> **ABOUT THIS TASK**: Print exactly and only the lines that run from the one containing "دستبند چشم نظر نمادین سواروسکی" through the end of the material, please, omitting pictures.

> **DATA EXTRACT**:

# # # # # # #

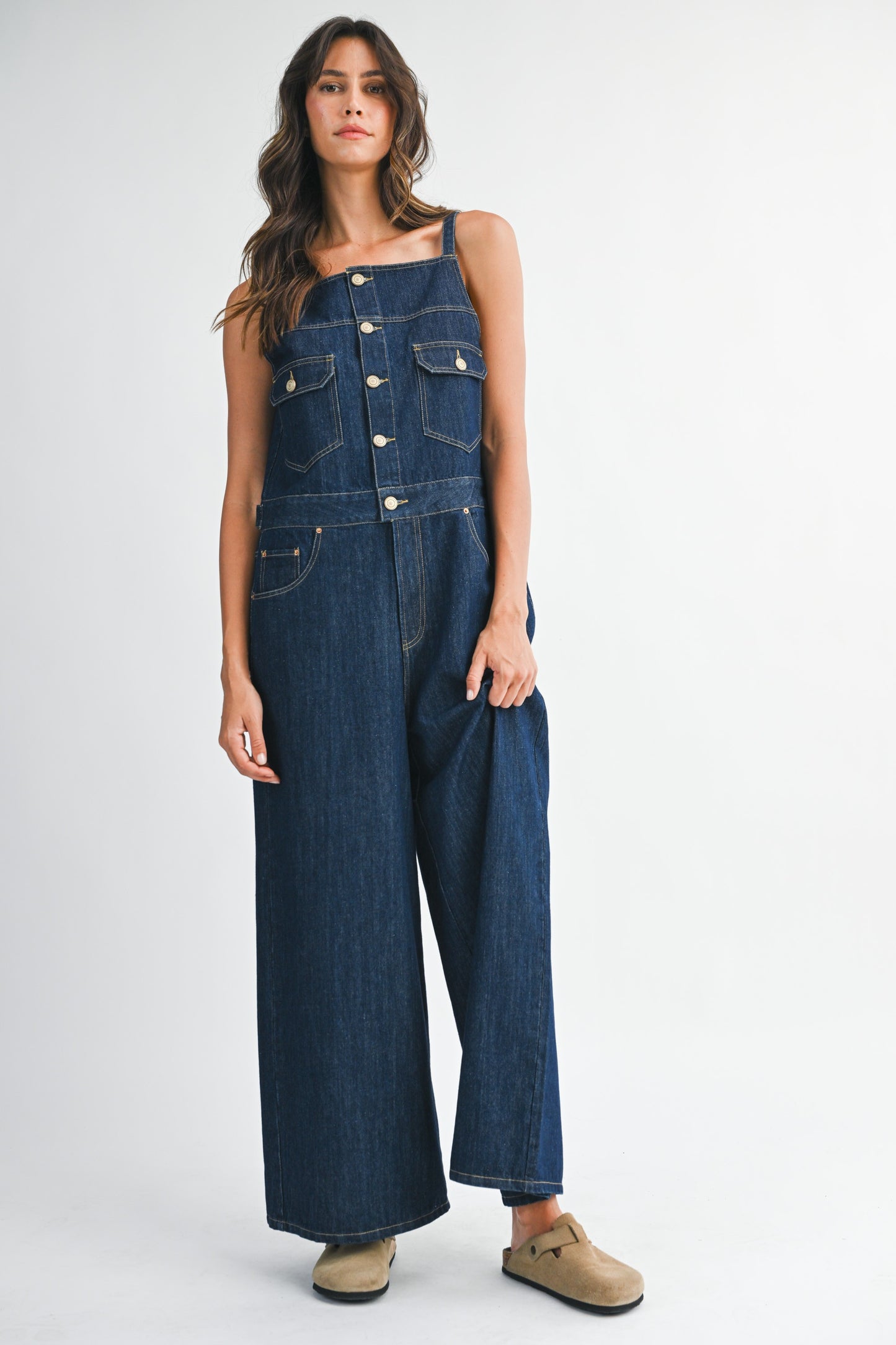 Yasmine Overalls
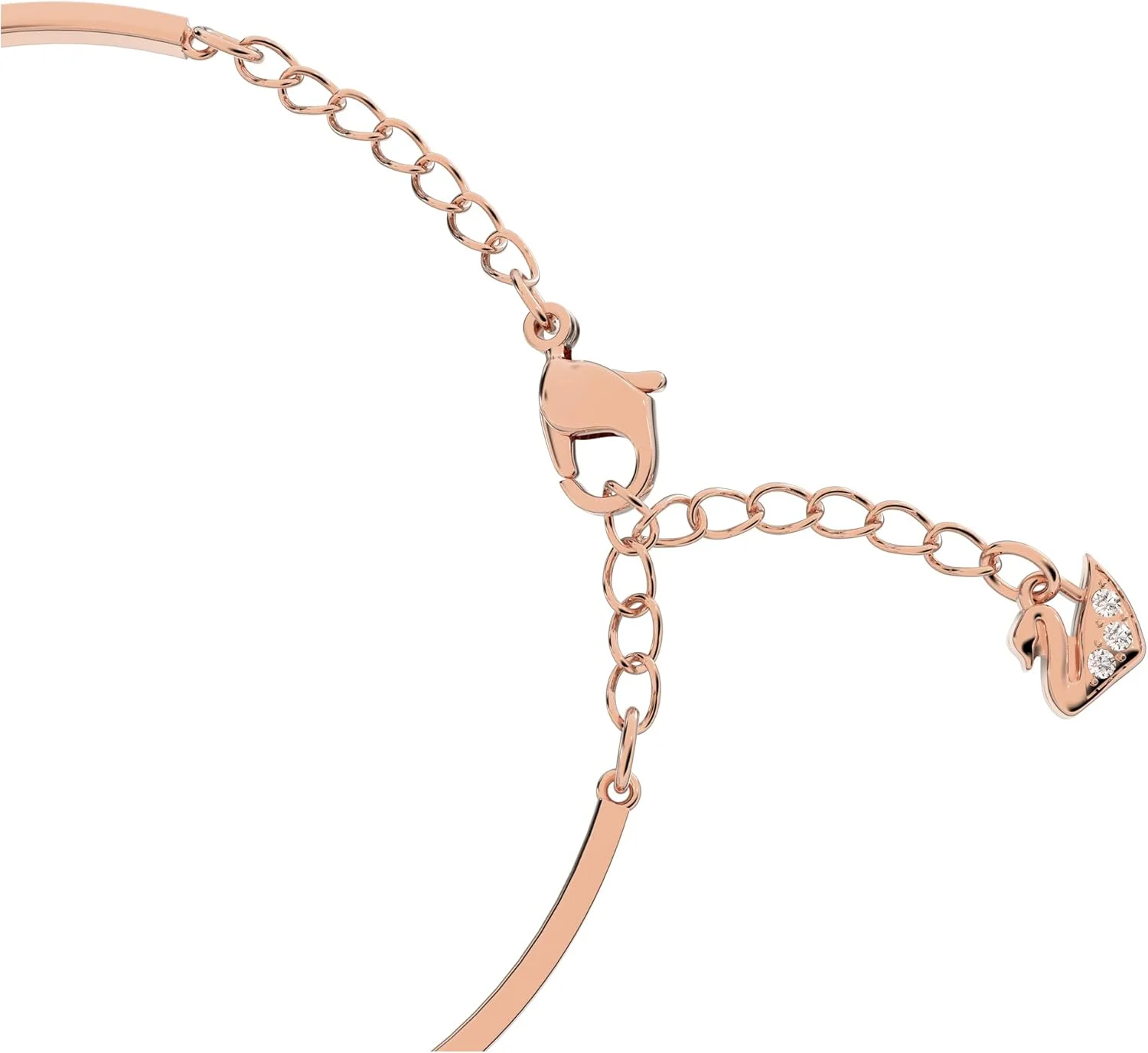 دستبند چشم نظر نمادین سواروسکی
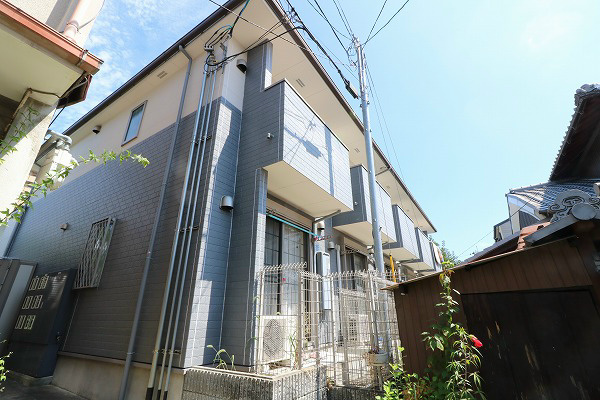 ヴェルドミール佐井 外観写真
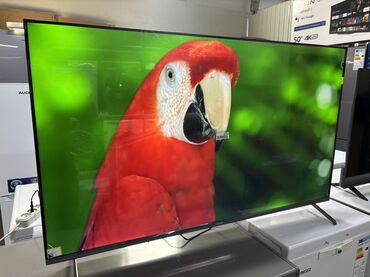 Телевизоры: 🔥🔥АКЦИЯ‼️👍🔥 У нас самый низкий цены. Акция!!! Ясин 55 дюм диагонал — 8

# # # # # # #

> **TASK RESULT**:
 دستبند چشم نظر نمادین سواروسکی
 ヴェルドミール佐井 外観写真
 Телевизоры: 🔥🔥АКЦИЯ‼️👍🔥 У нас самый низкий цены. Акция!!! Ясин 55 дюм диагонал — 8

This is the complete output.